▸ **Material supplied**
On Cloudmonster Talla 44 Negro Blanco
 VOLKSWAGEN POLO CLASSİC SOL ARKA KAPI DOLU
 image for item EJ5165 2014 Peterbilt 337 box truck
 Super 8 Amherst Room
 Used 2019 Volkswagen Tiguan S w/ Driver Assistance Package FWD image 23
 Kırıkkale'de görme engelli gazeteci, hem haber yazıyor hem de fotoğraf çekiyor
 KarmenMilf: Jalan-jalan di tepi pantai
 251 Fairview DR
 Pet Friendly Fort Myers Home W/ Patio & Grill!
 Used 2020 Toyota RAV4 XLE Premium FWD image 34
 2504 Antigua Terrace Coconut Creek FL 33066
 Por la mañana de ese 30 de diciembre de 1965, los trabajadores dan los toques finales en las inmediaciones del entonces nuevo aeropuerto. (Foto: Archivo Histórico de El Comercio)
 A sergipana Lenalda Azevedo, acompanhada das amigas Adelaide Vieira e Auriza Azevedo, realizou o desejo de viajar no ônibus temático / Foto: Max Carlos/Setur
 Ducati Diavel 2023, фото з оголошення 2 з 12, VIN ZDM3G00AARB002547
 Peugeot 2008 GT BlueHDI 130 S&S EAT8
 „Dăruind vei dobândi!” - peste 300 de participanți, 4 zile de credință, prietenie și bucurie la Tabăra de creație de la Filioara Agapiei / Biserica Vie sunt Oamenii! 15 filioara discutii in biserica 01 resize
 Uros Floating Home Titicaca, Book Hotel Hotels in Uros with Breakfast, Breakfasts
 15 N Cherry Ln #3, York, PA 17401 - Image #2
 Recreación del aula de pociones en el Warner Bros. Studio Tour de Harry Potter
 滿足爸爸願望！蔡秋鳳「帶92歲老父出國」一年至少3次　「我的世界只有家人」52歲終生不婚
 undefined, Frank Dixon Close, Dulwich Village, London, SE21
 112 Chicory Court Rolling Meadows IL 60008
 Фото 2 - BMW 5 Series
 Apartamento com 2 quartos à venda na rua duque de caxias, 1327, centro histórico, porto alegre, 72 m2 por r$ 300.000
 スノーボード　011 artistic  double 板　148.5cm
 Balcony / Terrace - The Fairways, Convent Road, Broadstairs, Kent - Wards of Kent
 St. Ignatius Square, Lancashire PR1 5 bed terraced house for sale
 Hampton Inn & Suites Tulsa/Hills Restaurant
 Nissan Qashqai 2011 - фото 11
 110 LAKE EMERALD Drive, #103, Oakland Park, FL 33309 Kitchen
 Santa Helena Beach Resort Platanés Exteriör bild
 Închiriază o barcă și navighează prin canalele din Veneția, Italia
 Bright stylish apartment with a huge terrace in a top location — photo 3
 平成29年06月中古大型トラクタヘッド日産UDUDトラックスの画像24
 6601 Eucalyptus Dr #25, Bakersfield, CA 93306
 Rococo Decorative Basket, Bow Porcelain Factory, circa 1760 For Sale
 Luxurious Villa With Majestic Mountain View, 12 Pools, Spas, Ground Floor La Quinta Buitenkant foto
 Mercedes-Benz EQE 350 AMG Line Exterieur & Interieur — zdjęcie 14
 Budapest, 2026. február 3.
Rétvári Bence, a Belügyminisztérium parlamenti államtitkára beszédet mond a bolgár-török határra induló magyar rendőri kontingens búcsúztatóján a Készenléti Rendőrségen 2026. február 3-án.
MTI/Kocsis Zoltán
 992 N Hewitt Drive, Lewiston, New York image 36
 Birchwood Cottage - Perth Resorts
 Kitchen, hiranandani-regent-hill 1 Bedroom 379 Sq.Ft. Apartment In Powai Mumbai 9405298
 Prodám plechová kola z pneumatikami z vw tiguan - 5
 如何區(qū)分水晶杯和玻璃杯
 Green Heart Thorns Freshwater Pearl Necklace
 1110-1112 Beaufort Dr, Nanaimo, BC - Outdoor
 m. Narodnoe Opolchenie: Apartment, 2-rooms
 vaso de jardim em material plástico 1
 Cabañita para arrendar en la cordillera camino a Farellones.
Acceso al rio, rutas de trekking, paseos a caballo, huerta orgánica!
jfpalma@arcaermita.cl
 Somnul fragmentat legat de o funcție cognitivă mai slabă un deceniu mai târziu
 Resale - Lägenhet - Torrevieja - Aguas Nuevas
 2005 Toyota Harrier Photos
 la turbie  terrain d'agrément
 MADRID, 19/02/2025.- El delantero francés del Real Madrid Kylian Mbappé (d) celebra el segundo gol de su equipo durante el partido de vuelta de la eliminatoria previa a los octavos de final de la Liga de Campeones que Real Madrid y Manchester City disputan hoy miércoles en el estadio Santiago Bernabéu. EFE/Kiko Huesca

▸ **Task description**
Output the entries exactly.

▸ **Task solution**
On Cloudmonster Talla 44 Negro Blanco
 VOLKSWAGEN POLO CLASSİC SOL ARKA KAPI DOLU
 image for item EJ5165 2014 Peterbilt 337 box truck
 Super 8 Amherst Room
 Used 2019 Volkswagen Tiguan S w/ Driver Assistance Package FWD image 23
 Kırıkkale'de görme engelli gazeteci, hem haber yazıyor hem de fotoğraf çekiyor
 KarmenMilf: Jalan-jalan di tepi pantai
 251 Fairview DR
 Pet Friendly Fort Myers Home W/ Patio & Grill!
 Used 2020 Toyota RAV4 XLE Premium FWD image 34
 2504 Antigua Terrace Coconut Creek FL 33066
 Por la mañana de ese 30 de diciembre de 1965, los trabajadores dan los toques finales en las inmediaciones del entonces nuevo aeropuerto. (Foto: Archivo Histórico de El Comercio)
 A sergipana Lenalda Azevedo, acompanhada das amigas Adelaide Vieira e Auriza Azevedo, realizou o desejo de viajar no ônibus temático / Foto: Max Carlos/Setur
 Ducati Diavel 2023, фото з оголошення 2 з 12, VIN ZDM3G00AARB002547
 Peugeot 2008 GT BlueHDI 130 S&S EAT8
 „Dăruind vei dobândi!” - peste 300 de participanți, 4 zile de credință, prietenie și bucurie la Tabăra de creație de la Filioara Agapiei / Biserica Vie sunt Oamenii! 15 filioara discutii in biserica 01 resize
 Uros Floating Home Titicaca, Book Hotel Hotels in Uros with Breakfast, Breakfasts
 15 N Cherry Ln #3, York, PA 17401 - Image #2
 Recreación del aula de pociones en el Warner Bros. Studio Tour de Harry Potter
 滿足爸爸願望！蔡秋鳳「帶92歲老父出國」一年至少3次　「我的世界只有家人」52歲終生不婚
 undefined, Frank Dixon Close, Dulwich Village, London, SE21
 112 Chicory Court Rolling Meadows IL 60008
 Фото 2 - BMW 5 Series
 Apartamento com 2 quartos à venda na rua duque de caxias, 1327, centro histórico, porto alegre, 72 m2 por r$ 300.000
 スノーボード　011 artistic  double 板　148.5cm
 Balcony / Terrace - The Fairways, Convent Road, Broadstairs, Kent - Wards of Kent
 St. Ignatius Square, Lancashire PR1 5 bed terraced house for sale
 Hampton Inn & Suites Tulsa/Hills Restaurant
 Nissan Qashqai 2011 - фото 11
 110 LAKE EMERALD Drive, #103, Oakland Park, FL 33309 Kitchen
 Santa Helena Beach Resort Platanés Exteriör bild
 Închiriază o barcă și navighează prin canalele din Veneția, Italia
 Bright stylish apartment with a huge terrace in a top location — photo 3
 平成29年06月中古大型トラクタヘッド日産UDUDトラックスの画像24
 6601 Eucalyptus Dr #25, Bakersfield, CA 93306
 Rococo Decorative Basket, Bow Porcelain Factory, circa 1760 For Sale
 Luxurious Villa With Majestic Mountain View, 12 Pools, Spas, Ground Floor La Quinta Buitenkant foto
 Mercedes-Benz EQE 350 AMG Line Exterieur & Interieur — zdjęcie 14
 Budapest, 2026. február 3.
Rétvári Bence, a Belügyminisztérium parlamenti államtitkára beszédet mond a bolgár-török határra induló magyar rendőri kontingens búcsúztatóján a Készenléti Rendőrségen 2026. február 3-án.
MTI/Kocsis Zoltán
 992 N Hewitt Drive, Lewiston, New York image 36
 Birchwood Cottage - Perth Resorts
 Kitchen, hiranandani-regent-hill 1 Bedroom 379 Sq.Ft. Apartment In Powai Mumbai 9405298
 Prodám plechová kola z pneumatikami z vw tiguan - 5
 如何區(qū)分水晶杯和玻璃杯
 Green Heart Thorns Freshwater Pearl Necklace
 1110-1112 Beaufort Dr, Nanaimo, BC - Outdoor
 m. Narodnoe Opolchenie: Apartment, 2-rooms
 vaso de jardim em material plástico 1
 Cabañita para arrendar en la cordillera camino a Farellones.
Acceso al rio, rutas de trekking, paseos a caballo, huerta orgánica!
jfpalma@arcaermita.cl
 Somnul fragmentat legat de o funcție cognitivă mai slabă un deceniu mai târziu
 Resale - Lägenhet - Torrevieja - Aguas Nuevas
 2005 Toyota Harrier Photos
 la turbie  terrain d'agrément
 MADRID, 19/02/2025.- El delantero francés del Real Madrid Kylian Mbappé (d) celebra el segundo gol de su equipo durante el partido de vuelta de la eliminatoria previa a los octavos de final de la Liga de Campeones que Real Madrid y Manchester City disputan hoy miércoles en el estadio Santiago Bernabéu. EFE/Kiko Huesca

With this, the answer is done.